▶ **TASK INSTRUCTIONS**:
Where a picture shows up in the listing below, omit it and output the rest exactly.

▶ **GIVEN MATERIAL**:
==========

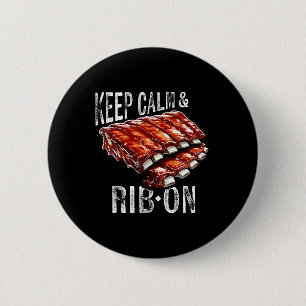 Badge Rond 5 Cm Ribs De Secours Garder Le Calme Et La Rib Sur Bbq 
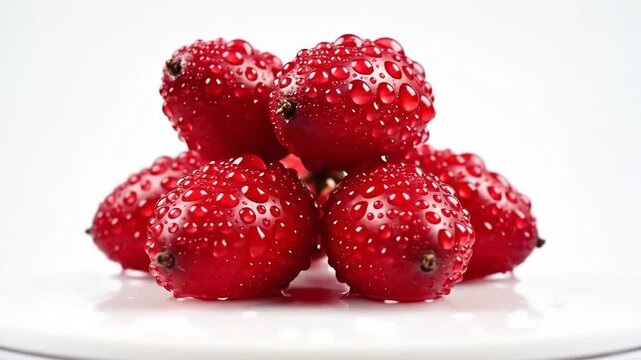 Five vibrant red Gac fruits with water droplets on a white background closeup studio shot.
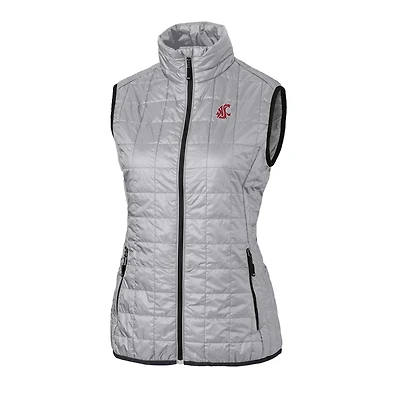 Gilet matelassé entièrement zippé Rainier pour femme, gris, des Washington State Cougars, Cutter & Buck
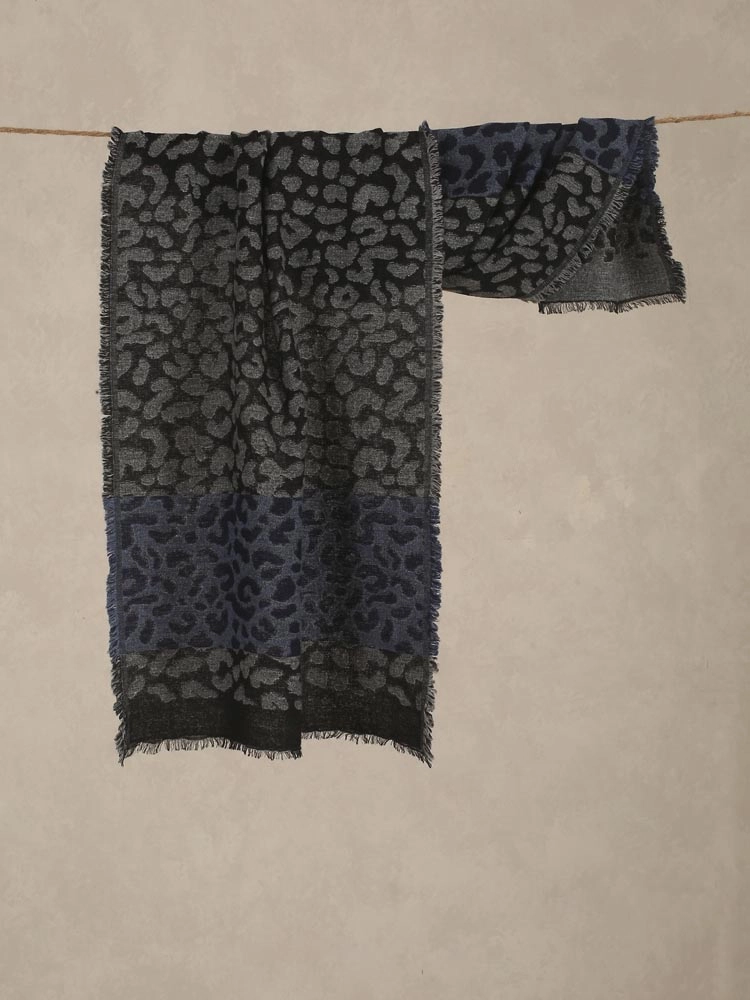 Tiger Weave Lambswool Stole - Black, Navy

==========

▶ **ANSWER FOR THE TASK**:
 Badge Rond 5 Cm Ribs De Secours Garder Le Calme Et La Rib Sur Bbq 
 Five vibrant red Gac fruits with water droplets on a white background closeup studio shot.
 Gilet matelassé entièrement zippé Rainier pour femme, gris, des Washington State Cougars, Cutter & Buck
 Tiger Weave Lambswool Stole - Black, Navy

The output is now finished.